Pour atteindre Lausanne depuis Évian, il faut compter plus d’une heure de route. La compagnie générale de navigation (CGN) assure la liaison maritime entre les différentes villes de l’arc lémanique afin que touristes et travailleurs frontaliers puissent se déplacer en 35 minutes entre les deux rives. Ne soyez donc pas surpris d’entendre quelqu’un dire qu’il part travailler en bateau, ici c’est normal.
Car oui, l’économie suisse va bien, et l’économie française… moins bien, on dira. Avec la hausse du franc suisse et la paralysie de l’économie française, on assiste à une très forte augmentation du nombre de frontaliers : ceux qui habitent en France, mais qui travaillent en Suisse.
Le rôle de Jean-Louis, en tant que radeleur, c’est d’installer la passerelle entre le bateau et le ponton pour permettre aux passagers d’embarquer en toute sécurité.

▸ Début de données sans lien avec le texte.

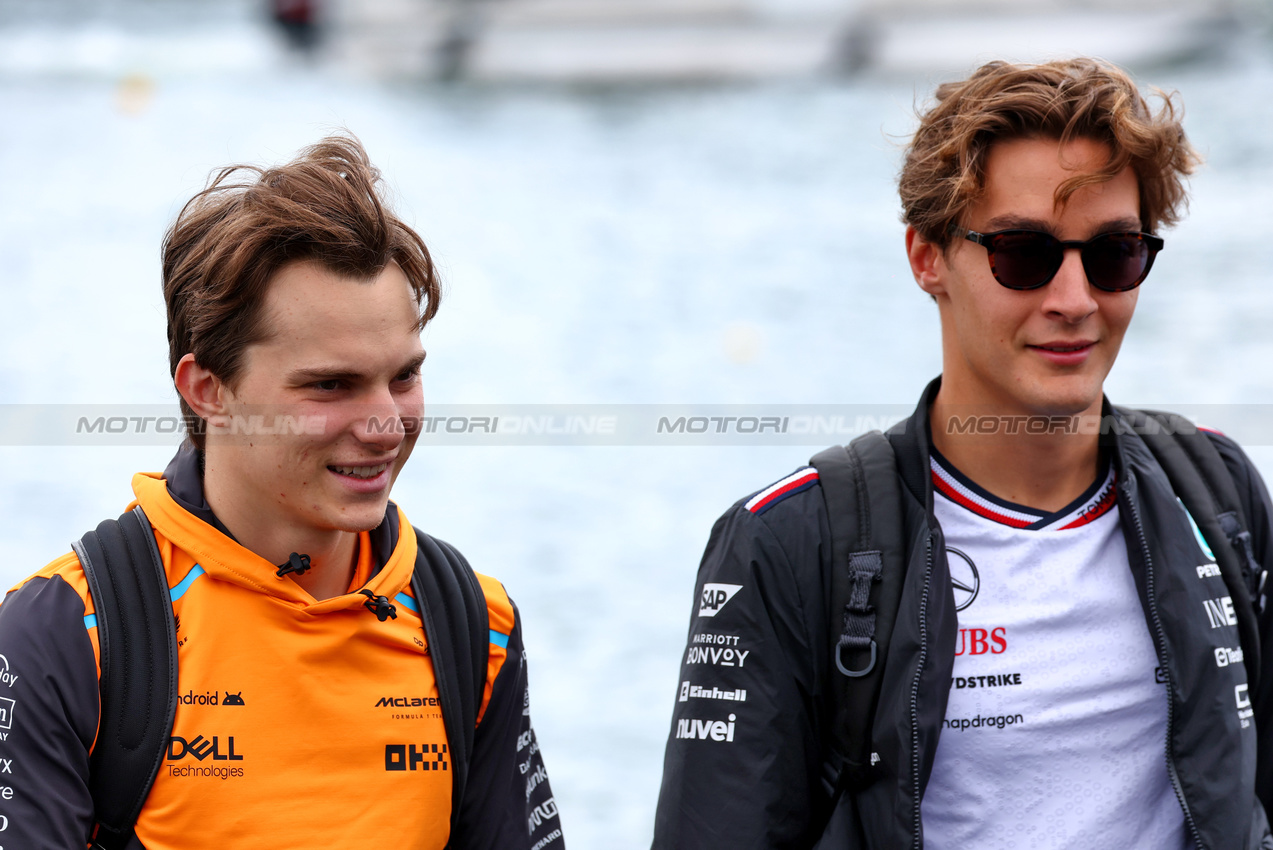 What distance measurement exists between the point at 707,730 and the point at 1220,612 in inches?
36.0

“En 5 ans, le nombre de frontaliers a plus que doublé. Chaque matin, ce sont trois bateaux qui partent d’Évian en direction de Lausanne, soit plus de 1500 personnes. C’est sûr que faire 35 minutes de croisière matin et soir afin de doubler ou tripler son salaire, ça en attire plus d’un.”
Cette fuite des talents ne se fait pas sans conséquence. Les entreprises locales situées en Haute-Savoie peinent à recruter de la main d’œuvre de qualité.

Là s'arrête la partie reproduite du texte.